Im Schaltplan habe ich auch nochmal nachgeguckt... Dort habe ich zwischen 7 - 39 eine Brücke und zwischen 28 - 20 schalte ich eine Freigabe.. (vermutlich Reglerfreigabe)

Die Meldungen Betrieb/Störung hole ich mir über die Digital Ausgänge des FU's
Geht aber auch über das Statuswort.. nur soweit war ich da noch nicht!


Ich hoffe dich bringt das weiter!!

Gruß


Anhang anzeigen GSD_GSE_11_2009.zip
Anhang anzeigen Lenze8200.zip
Anhang anzeigen 9A3.zip


----------



## Toki0604 (8 August 2013)

Hi c.wehn,

habe dein Projekt versucht, aber festgestellt das das nicht ganz zu meinen Anforderungen passte.
Habe allerdings auch nirgends erwähnt das ich keine Verdrahtung zum FU möchte (auch nicht Klemme 28 ) 
Das geht laut Doku nur mit dem Drivecom Profil, nicht mit dem FIF-Profil der Gerätesteuerung in deinem Projekt.
Aber ich habe eine Lösung gefunden.
Ich habe das Beispielprojekt von Lenze mit dem Drivecom Profil in Betrieb setzen können und habe es mal
auf das nötige Minimum reduziert...
Das heißt ohne das Verändern einzelner Codestellen durch die SPS, halt nur das reine Ein/Ausschalten und Sollwertvorgabe.
Ich habe in den Netzwerken die Kommentare ebenfalls entsprechend angepasst.
Da ich denke das andere User auch mal den Versuch starten könnten, habe ich das mal als Projekt gezippt.
Wenn ich mit meinem Projekt fertig bin, dann werde ich das Resultat hier auch mal als Dokumentation zum Thema reinstellen.

Gruß, Toki


----------



## c.wehn (8 August 2013)

Super! Hoffentlich hat mein Projekt wenigstens irgendwas gebracht!
Gruß


----------



## Toki0604 (9 August 2013)

> Super! Hoffentlich hat mein Projekt wenigstens irgendwas gebracht!


Danke, ja hat es. Auf jeden Fall in Bezug auf mein Verständnis zur Materie.
Ich habe mittlerweile (obwohl es ja soweit schon läuft) parallel Kontakt zum Lenze Service aufgenommen gehabt.
Den Angaben zu Folge müsste es möglich sein auch deinen Baustein für meine Anwendung anzupassen.
Ich werde das auch noch austesten...
Dein Baustein hat nämlich den Vorteil das er noch bedeutend einfacher und übersichtlicher ist als das angepasste Lenze Beispielprojekt.

Es ist zwar ein wenig frustrierend das der Profibus seine Bedeutung in der Antriebstechnik verloren hat,
aber dennoch will ich die Thematik verstehen bevor ich mich mit dem nächsten Thema befasse.
Ich bin in der Instandhaltung und muss mich halt vorrangig mit dem vorhandenen Maschinenpark befassen...

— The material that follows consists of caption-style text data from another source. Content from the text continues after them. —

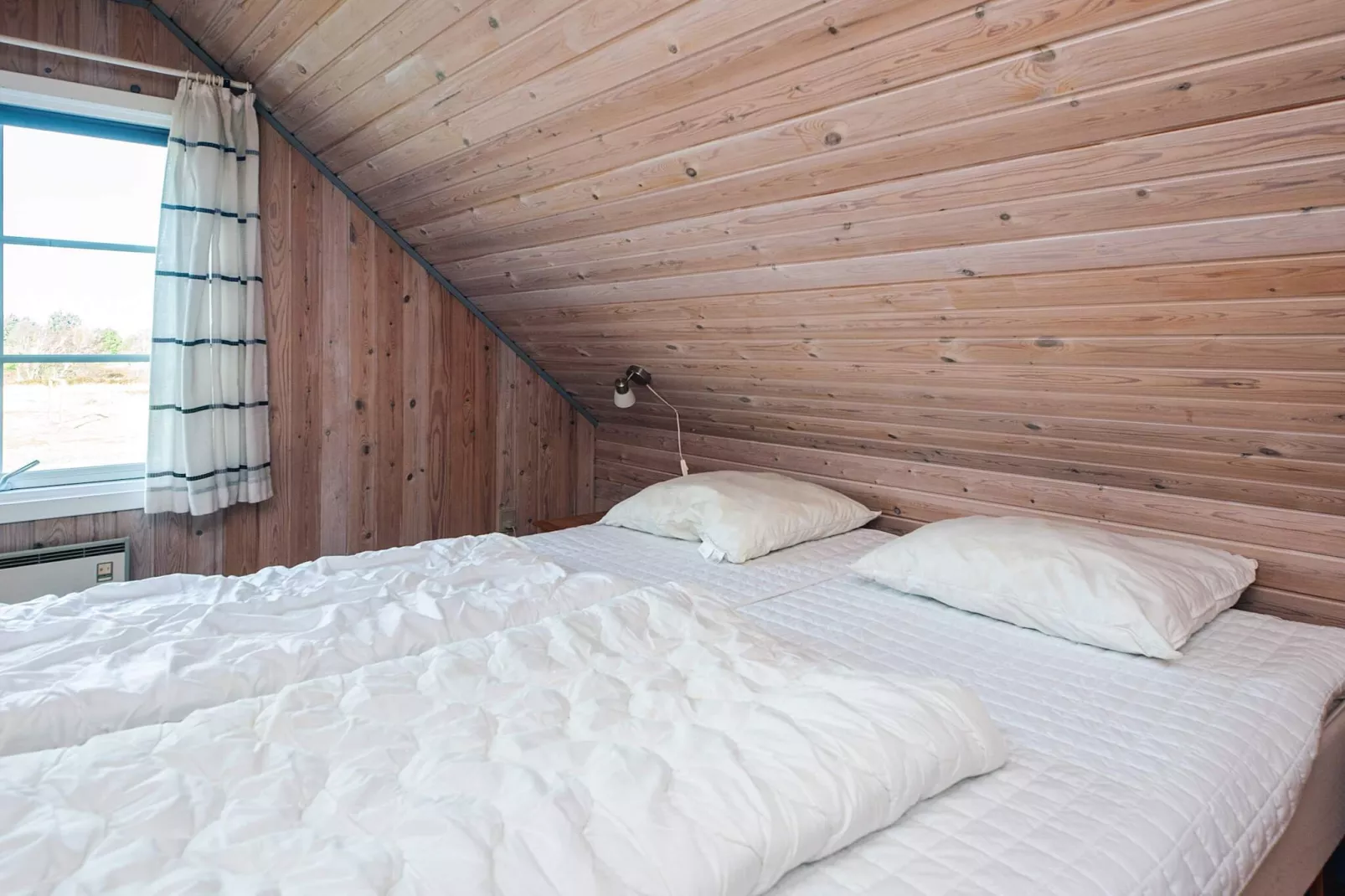 Luxe retraite met zwembad -- By Traum Ferienwohnungen-Binnen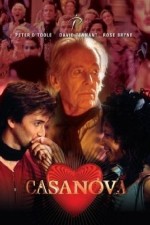 Watch Casanova 2KMovies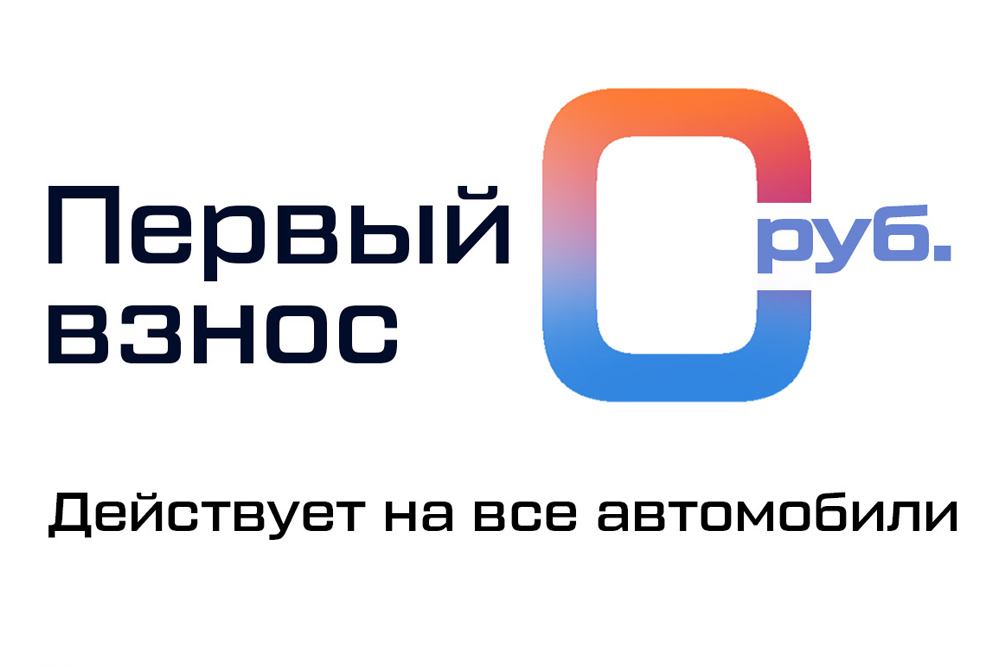 Кракен последние ссылки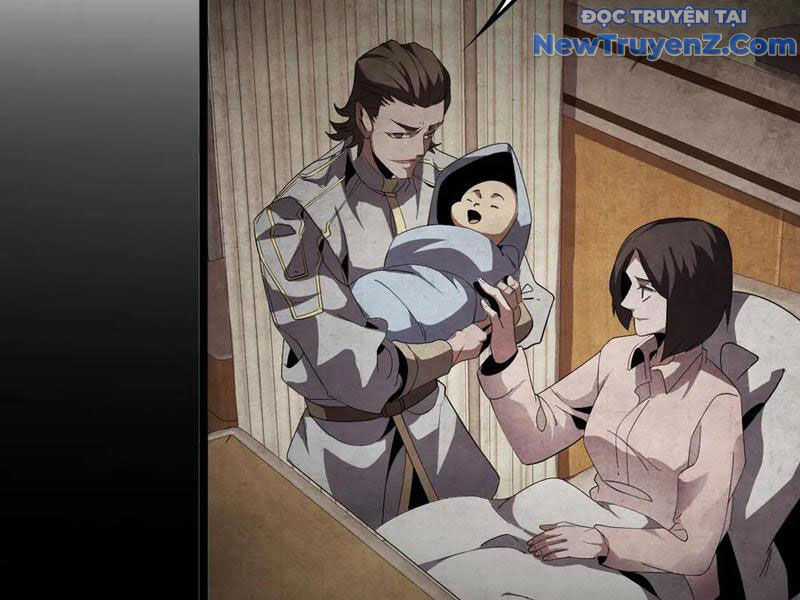 Vạn Tộc Xâm Lược: Thiên Hạ Tham Chiến, Ta Trấn Thủ Hậu Phương Chương 38 trang 87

Deshalb noch mal meinen besten Dank,
Gruß Torsten


----------



## Toki0604 (28 August 2013)

Hi C.Wehn,

habe Antwort von Lenze bekommen gehabt ( schon kurz nach meiner Anfrage ) und mittlerweile einiges probiert.
Ich habe derzeit etwas wenig Zeit zum Testen und ausprobieren, aber ich habe 2 Kommunikationsprofile getestet
und gemerkt das wenn ich das "richtige" Profil benutze eigentlich mit 4 Zeilen Lade+Tranferiere Sollwert und Steuerwort 
übertragen kann und ich so den Antrieb über Profibus auf "einfache" Weise steuern kann.
Ich bin derzeit dabei das Thema etwas auszuarbeiten und werde dann wenn die Resultate ansehnlich sind 
Beispielprojekte der verschiedenen Kommunikationsprofile hochladen.
Sicherlich in dem Wissen das das nicht mehr so oft verwendet wird,
aber in der Hoffnung ein paar Einsteigern in diese Materie helfen zu können.. (so wie mir ;-) )

Gruß Toki


----------



## Toki0604 (5 September 2013)

*Lenze Frequenzumrichter 8200 Vector*

Ansteuerung über Profibus DP mit EMF2133 Kommunikationsmodul

1.	Allgemeines
2.	Kommunikationsprofil „Gerätesteuerung“

1. Allgemeines:

Die Bezeichnung Profibus DP steht für ProzessFieldBussystem Dezentrale Peripherie.
Die Motivation zur Nutzung des Profibussystems besteht darin den Verdrahtungsaufwand
zu minimieren und die Flexibilität des Systems zu erhöhen. Zudem besteht die Möglichkeit
Antriebsinformationen über aktuellen Status und Fehler-/Diagnosedaten auszulesen und weiterzuverarbeiten.
Zu beachten ist das die Antriebe in der Regel „wortweise“ mit den Daten arbeiten.
Im Gegensatz zur Siemens CPU, die im Intel-Format arbeitet, arbeiten die Antriebe mit der Motorola-Struktur der Byteverarbeitung. In der Anwendung sieht das wie folgt aus:

Intel-Format
Word 0 
Byte 0	Byte 1
Low Byte	High Byte
0.7	0.6	0.5	0.4	0.3	0.2	0.1	0.0	1.7	1.6	1.5	1.4	1.3	1.2	1.1	1.0

Motorola-Format
Word 0 
Byte 1	Byte 0
Low Byte	High Byte
1.7	1.6	1.5	1.4	1.3	1.2	1.1	1.0	0.7	0.6	0.5	0.4	0.3	0.2	0.1	0.0

Daher z.B. die Byteweise Verschiebung der Angaben zu den Daten der Status-/ Steuerworte.
Setze ich also das Bit 0.5 eines Worts im Programm auf „True“, dann wird es am Umrichter als Bit 1.5 „True“ interpretiert. Diese Verschiebung sollte direkt im Programm berücksichtigt werden. 
Der Lenze 8200 Vector kann mit dem EMF2133 max. 3 ProZessDatenworte verarbeiten.
Das ist bei der Auswahl der Protokolle in der Hardwarekonfiguration zu berücksichtigen.
Je nach Konfiguration stehen dann Parameterdatenkanal und/oder Prozessdatenkanal zur Kommunikation zum Umrichter zur Verfügung.
Über den Parameterdatenkanal kann auf alle Codestellen des Umrichters zugegriffen werden.
Je nach Codestelle lesend und/oder schreibend.
Über den Prozessdatenkanal wird der Umrichter gesteuert.
Das erste Wort des Prozessdatenkanals ist grundsätzlich das Steuerwort / Statuswort
Das zweite Wort des Prozessdatenkanals ist in der Regel Sollwert / Istwert.
Das dritte Wort des Prozessdatenkanals ist frei konfigurierbar.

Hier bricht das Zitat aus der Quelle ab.